By increasing the market stabilisation scheme (MSS) ceiling by Rs 50,000 crore, the Reserve Bank of India (RBI) can jolly well tell the currency market to lay off.
More importantly, it also means that it’s unlikely to go for a 50-100 basis points hike in the cash reserve ratio (CRR) any time soon.
There are three reasons for this. First, with the MSS limit nearly exhausted (bonds worth Rs 1,45,000 crore out of the Rs 1,50,000 crore permitted were issued already), the RBI had no weapon to counter the rupee liquidity it generated by intervening in the forex market. The new MSS bonds will do the job now.
Secondly, the government’s borrowing schedule is very heavy in October, November and December, which will absorb substantial money market liquidity.
Thirdly, portfolio inflows tend to taper as stock market valuations hit the higher ranges, notwithstanding the currency arbitrage. For who’d want to bet on diminishing returns?
All of these give the RBI significant elbow room. Governor Y V Reddy will be forced to hike CRR only if dollar inflows remain torrential for an extended period of time from hereon.
The hike in the MSS ceiling also shows the RBI does not want interest rates to come down anytime soon because, after a long gap, inflation will start to rise once again this month as the high-base effect starts wearing off.
Lowering the interest rate will only aggravate the inflation problem looming.
The central bank would actually love to raise interest rates but it can’t because such a move brings in carry-trade or arbitrage money (such as NRIs parking their funds in India to benefit from higher interest rate), which sets off another liquidity-gush cycle.
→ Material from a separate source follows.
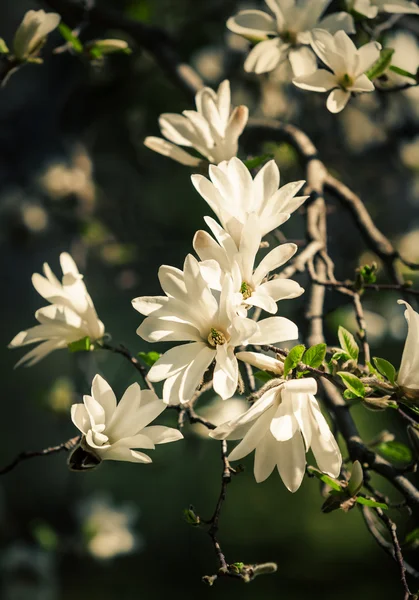 マグノリア・コバス。白い花を咲かせる木 — ストック写真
Since the money market was expecting the ceiling hike, bond yields have already risen. Add to this the more than Rs 50,000 crore of surplus liquidity in the banking system, and yields are unlikely to fly on Friday - bets are on just 5 to 10 paise movements. The yield curve remains how it is.
On the fiscal side, there is additional cost involved because the government will have to pay interest on all the new MSS bonds issued.
Also, intervening in the forex markets to stem the dollar tide has another cost: the RBI is buying a currency that’s going only one way - down.
So, the value of all the dollars it buys to defend the rupee will only depreciate.
In 2007 so far, the RBI has bought $38 billion worth of dollars, and the dollar has depreciated 11 per cent against the rupee. The loss thus runs into thousands of crores.